A century and more after he solved a dozen baffling crimes without ever leaving the A.B.C. tearoom where he held court for an impressionable reporter, the anonymous hero created by the author of The Scarlet Pimpernel is back in print.
The setup never varies: Polly Burton, of the Evening Observer, sits across the table from a nameless old man who asks her opinion about recent unsolved mysteries, summarizes the events of the cases himself, gloats over her feeble efforts at solving them, and then looks up from the string he’s been compulsively knotting just long enough to produce a dazzling solution himself. The first and best-known of them, the endlessly reprinted “The Fenchurch Street Mystery,” sets the pattern for most of the others in its deceptively simple tale of a down-at-heels man found murdered shortly after attempting to put the touch on an old friend he’d saved from a criminal charge years before the friend left England for Russia and prospered beyond the victim’s dreams. After offering his solution, the tweed-suited sleuth returns to solve a series of robberies, assaults, and murders whose settings, ranging as far from London as Edinburgh and Dublin, never require him to leave his chair. The mysteries, heavily dependent on disguises, family loyalties, interchangeable identities, and 180-degree reversals, are so repetitious that they’re best consumed in the way they’re solved, one per sitting.
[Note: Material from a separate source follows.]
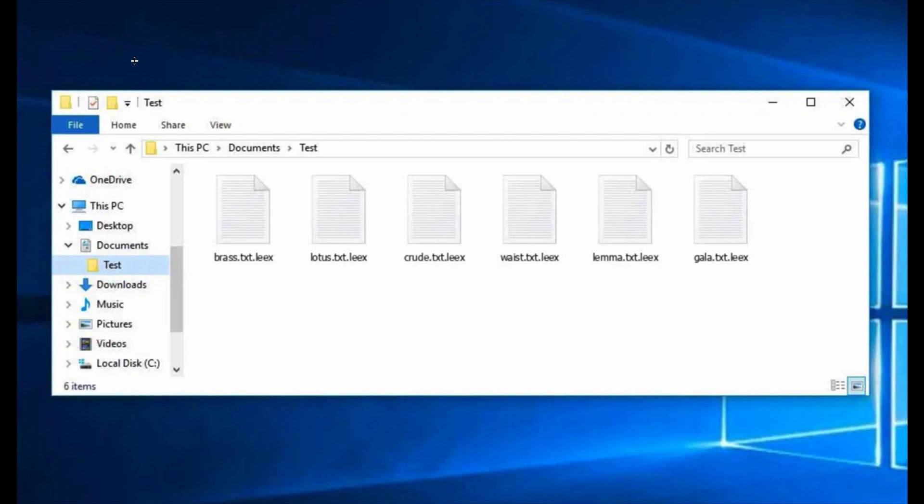There are four symbols added after the main extension. The ransomware basically may encrypt Microsoft Office documents, your important pictures, music or video files and other information that is stored on your computer.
But there’s no denying the old man’s gift for brisk, sarcastic expositions and mordantly epigrammatic solutions or his powerful influence on a generation of more famous golden-age sleuths and stories that followed.
In his grasp of both logic and theater, in fact, the eponymous sleuth is both the most successful challenger to his great contemporary Sherlock Holmes and an indispensable model for all the armchair detectives who follow.